Task - With the images removed, return every line below exactly as it reads.
Material provided below:
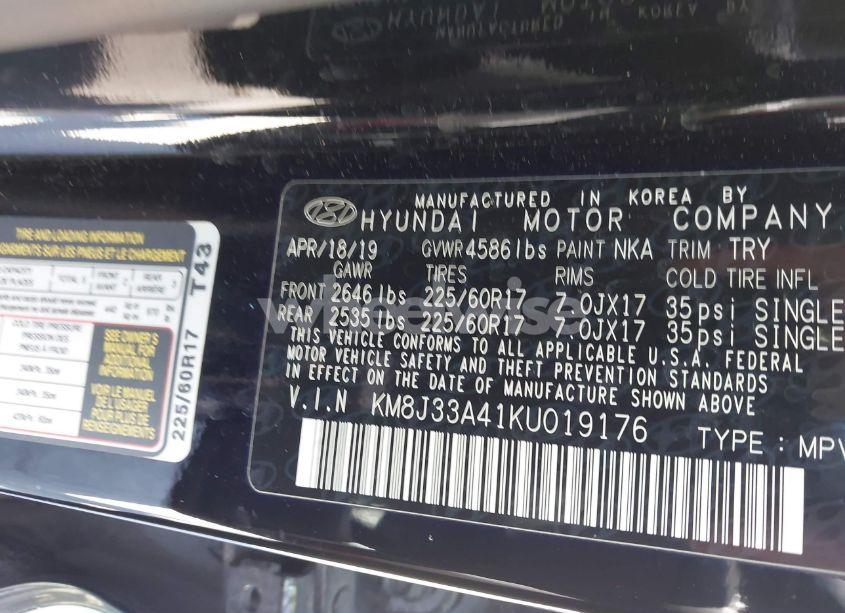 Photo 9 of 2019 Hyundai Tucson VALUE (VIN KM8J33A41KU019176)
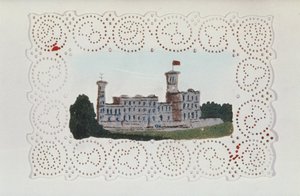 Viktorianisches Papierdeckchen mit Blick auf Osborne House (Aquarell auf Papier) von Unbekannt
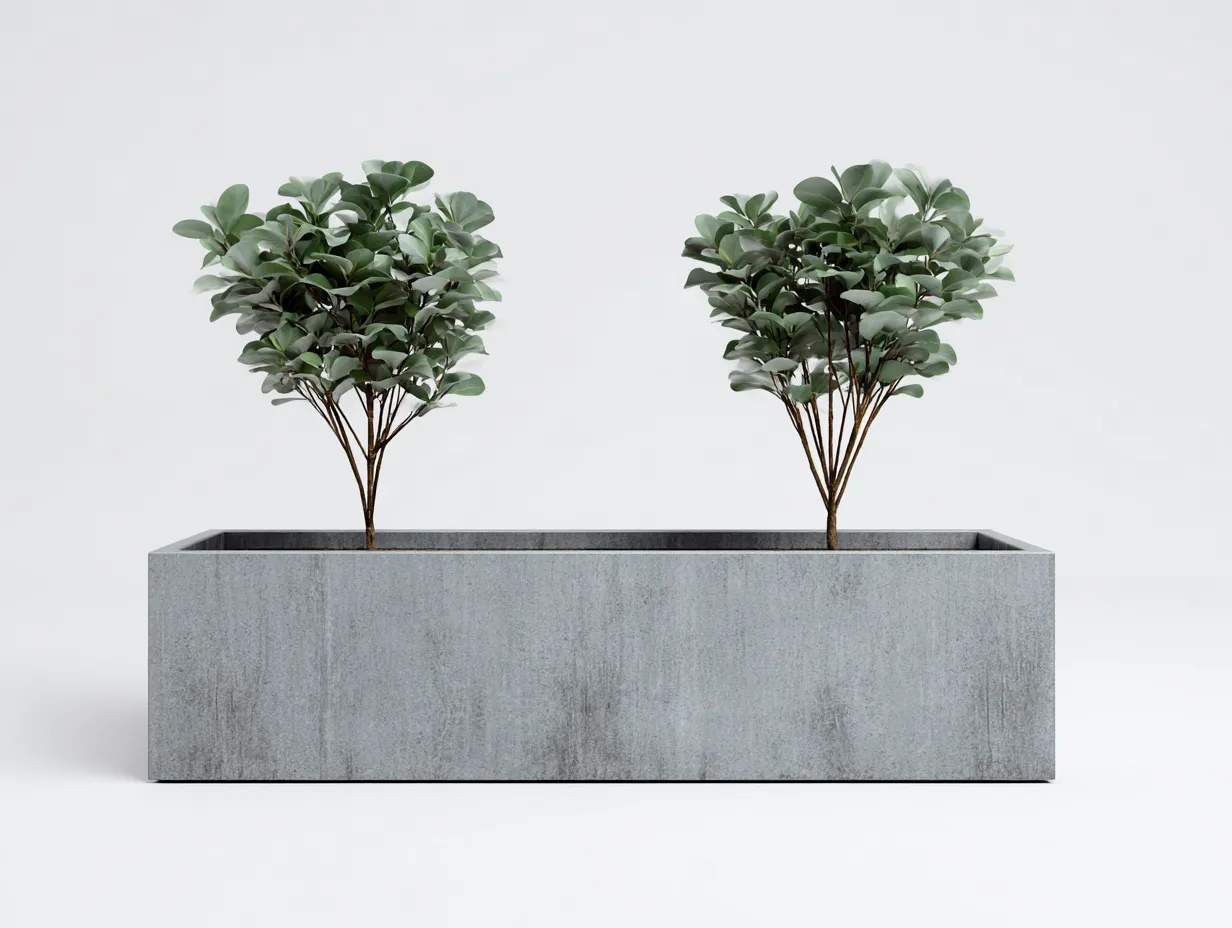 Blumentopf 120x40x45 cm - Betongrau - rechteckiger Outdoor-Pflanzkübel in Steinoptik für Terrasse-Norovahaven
End of Material provided.
Output -
 Photo 9 of 2019 Hyundai Tucson VALUE (VIN KM8J33A41KU019176)
 Viktorianisches Papierdeckchen mit Blick auf Osborne House (Aquarell auf Papier) von Unbekannt
 Blumentopf 120x40x45 cm - Betongrau - rechteckiger Outdoor-Pflanzkübel in Steinoptik für Terrasse-Norovahaven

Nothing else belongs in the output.